Лицо старого дроздовца скривилось, как от лимона.
– Да брось ты! Неужели думаешь, что я нашел тебя (и поверь, это было сделать непросто) только ради того, чтобы позлорадствовать над твоим положением? Глупости. Мы оба с тобой те, кем были и кем являемся – сынами России. И здесь и сейчас ты не французский военный, а я не офицер Рейха… Но вот кем ты выйдешь отсюда, зависит только от тебя.
Тут Илья Михайлович заговорщицки мне подмигнул. Я, честно говоря, несколько опешил.
– И о чем идет речь, Илья Михайлович?
– Так-то лучше. Речь идет о главном деле в твоей жизни, да и в моей тоже. Ну, неужели не догадываешься?
Во рту внезапно пересохло.
– Я вас не понимаю. Точнее, понимаю, что речь идет о России, но не понимаю, что вы имеете в виду.

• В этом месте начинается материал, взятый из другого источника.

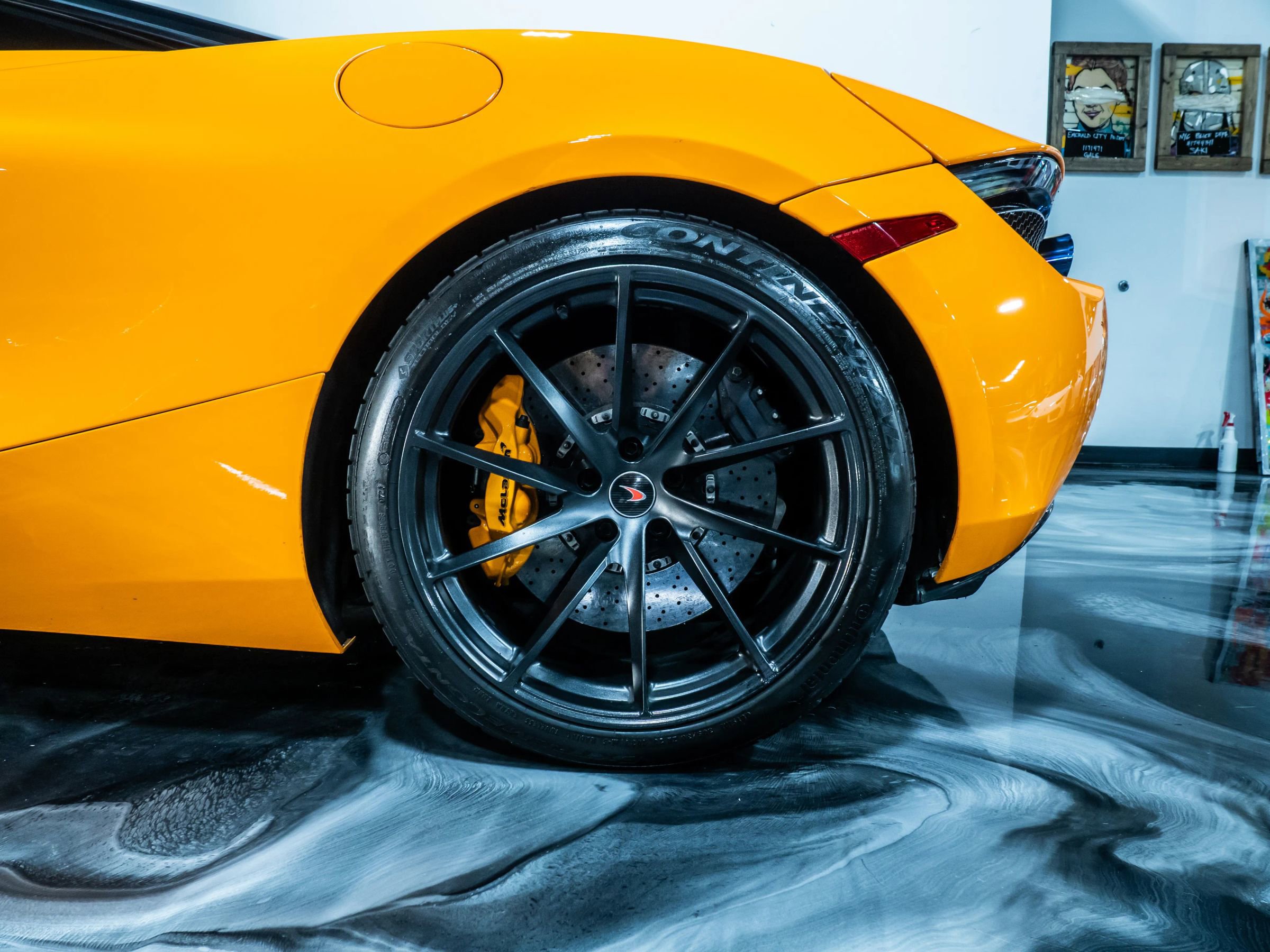 Used 2018 McLaren 720S Performance photo 18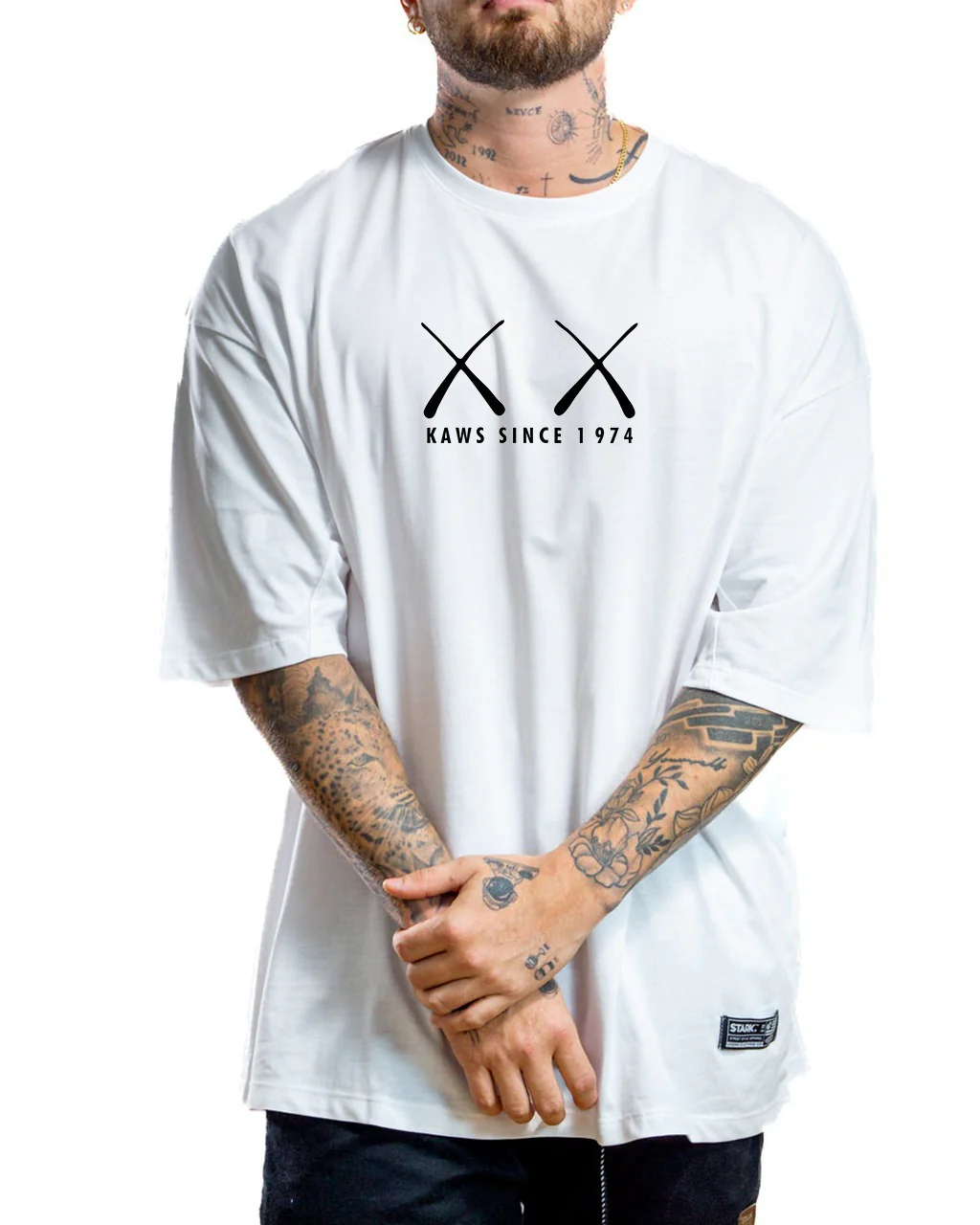 Oversize Blanca kaws azul - Image 2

– Молодой человек! – Тут капитан (раз уж мы забудем о настоящем) поднял руку вверх. – Все вы прекрасно понимаете. Скоро начнется война. Война между Третьим рейхом и большевиками. Да-да, именно так. Не с Россией, а только с большевиками. И наше участие в этой войне в рядах вермахта позволит в дальнейшем претендовать на достойное положение в освобожденной России. Мы будем теми, кто станет ее возрождать, кто будет заново ее отстраивать!
– Вы заговорили лозунгами, Илья Михайлович. Но это не столь и важно, мой ответ нет.
Внутри меня что-то оборвалось, когда я отказал бывшему соратнику. Но врать ему я не мог, а согласиться с ним…
Гуптман встал. Сердито посмотрев на меня, он вновь отвернулся к карте. Я же не выходил, понимая, что разговор еще не окончен, да и выходить, несмотря ни на что, не хотелось.
– Никита, ты забыл про своего отца? Или, быть может, про Аркадия Юрьевича? Или Александра Ивановича? Ты забыл, во имя чего они погибли? Забыл, во имя чего сражались, во имя ЧЕГО сражался ты?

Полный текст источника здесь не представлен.